The IRI and cAMP responses to glucose demonstrated similar stimulation thresholds and Km values at all IBMX concentrations. With increasing amounts of IBMX, the Vmax was increased and the Km decreased for both responses. There was parallelism between IRI secretion and accumulation of [3H] CAMP in the medium, except at nonstimulatory glucose concentrations, where, especially in the presence of 1.0 mM IBMX, a marked stimulation of cAMP accumulation was accompanied by only modest IRI release.

Proinsulin biosynthesis showed a much greater sensitivity to glucose than the cAMP and IRI responses. The threshold for stimulation by glucose was around 1.4 mM, and the response already saturated at 7.0 mM. Except when 1.0 mM IBMX was present, no IRI or cAMP responses were registered in this glucose dose range. These findings indicate that IRI release and proinsulin synthesis have distinct glucose recognition mechanisms and that ghicoseinduced cAMP stimulation does not mediate the effect of the hexose on hormone synthesis in the islet cell.

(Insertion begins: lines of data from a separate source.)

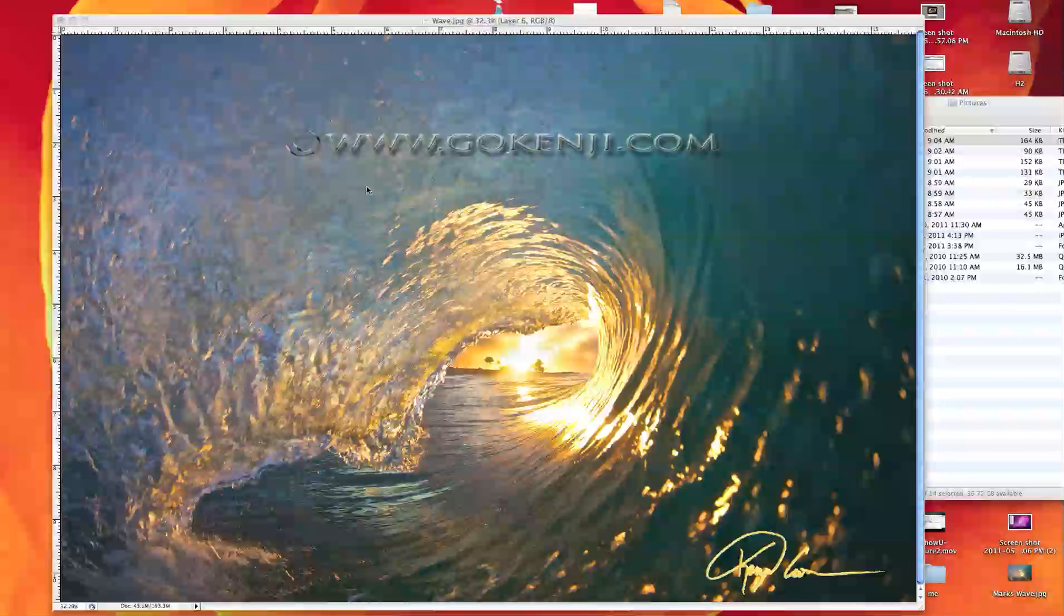Hey guys, I wanted to make another tutorial and basically this is just to show you how to take a scan copy of your signature and place it onto one of your photos.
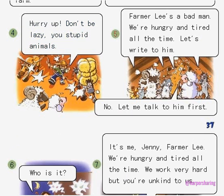Picture 5. Farmer Lee's a bad man. We're hungry and tired all the time. Let's write to him. No, let me talk to him first.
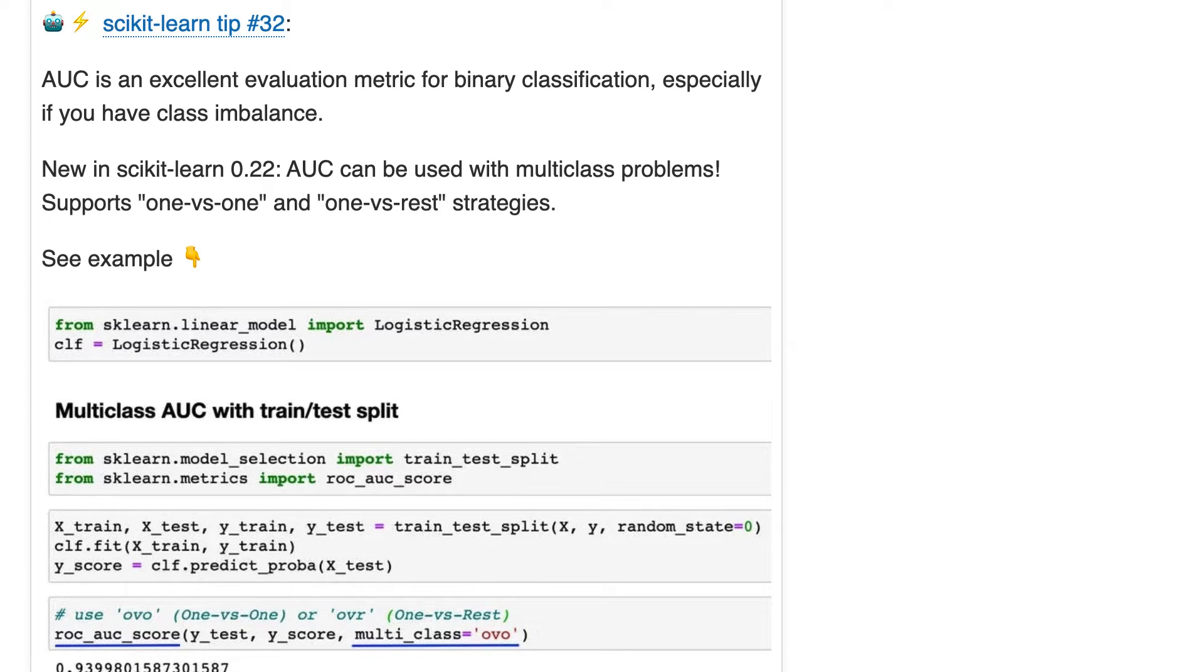Tip 32. AUC is an excellent evaluation metric for binary classification, especially if you have class imbalance.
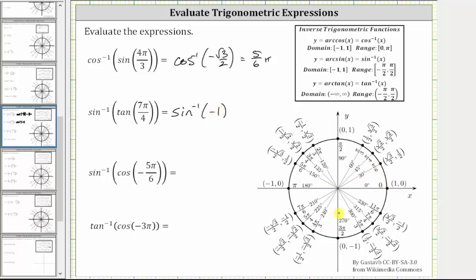Now we evaluate inverse sine of negative one. The output or range of inverse sine is from negative pi over two to positive pi over two, including the endpoints. Which means in standard position, the angle has to be from zero to pi over two radians including pi over two, or from zero to negative pi over two radians including negative pi over two. On the unit circle, sine theta equals y, so we locate the point on the unit circle in this interval where the y-coordinate is negative one, which is this point here. The angle is not 270 degrees or three-halves pi radians, because that is not in the range of the inverse sine function.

When islet cAMP was elevated with IBMX, a decrease in the Km of the proinsulin response to glucose was observed, while the Vmax of the reaction was only slightly modified. This suggests that the level of cAMP in the islet may modulate the sensitivity of the B-cell for the effect of glucose on insulin biosynthesis and thus provide a mechanism for the regulation of insulin biosynthesis by such factors as gut hormones and glucagon under in-vivo conditions.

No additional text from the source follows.